### Records for the task
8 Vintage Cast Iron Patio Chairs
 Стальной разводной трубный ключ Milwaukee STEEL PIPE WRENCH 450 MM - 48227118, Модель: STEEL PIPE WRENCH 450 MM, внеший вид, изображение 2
...
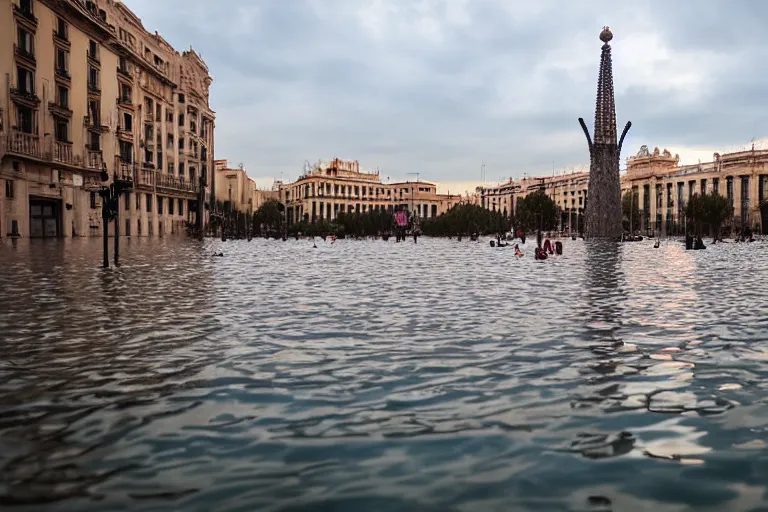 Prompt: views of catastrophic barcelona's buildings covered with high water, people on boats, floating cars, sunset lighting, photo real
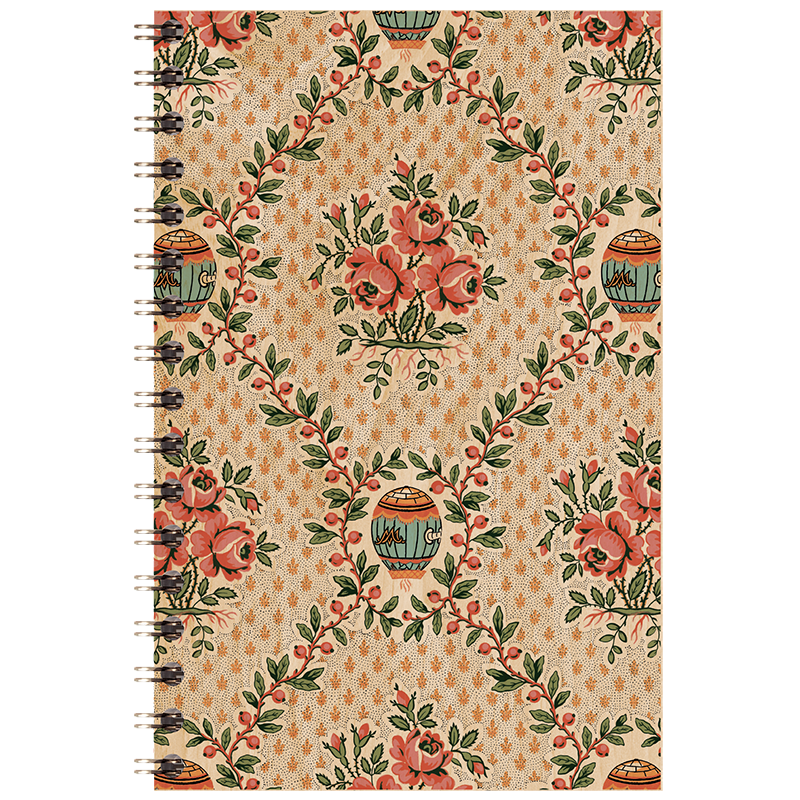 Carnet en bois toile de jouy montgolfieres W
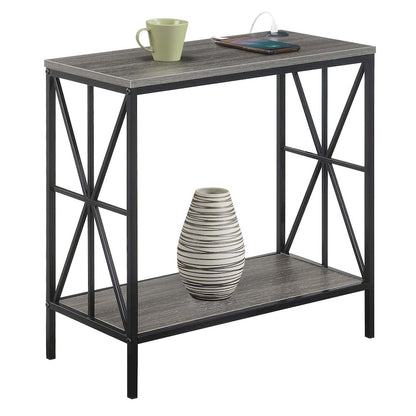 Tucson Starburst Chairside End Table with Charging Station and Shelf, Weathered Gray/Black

### Action item
Please give an exact copy of the lines above, beginning with the line containing "8 Vintage Cast Iron Patio Chairs" and running through the line containing "Стальной разводной трубный", and of no other lines.

### Solution to this problem
8 Vintage Cast Iron Patio Chairs
 Стальной разводной трубный ключ Milwaukee STEEL PIPE WRENCH 450 MM - 48227118, Модель: STEEL PIPE WRENCH 450 MM, внеший вид, изображение 2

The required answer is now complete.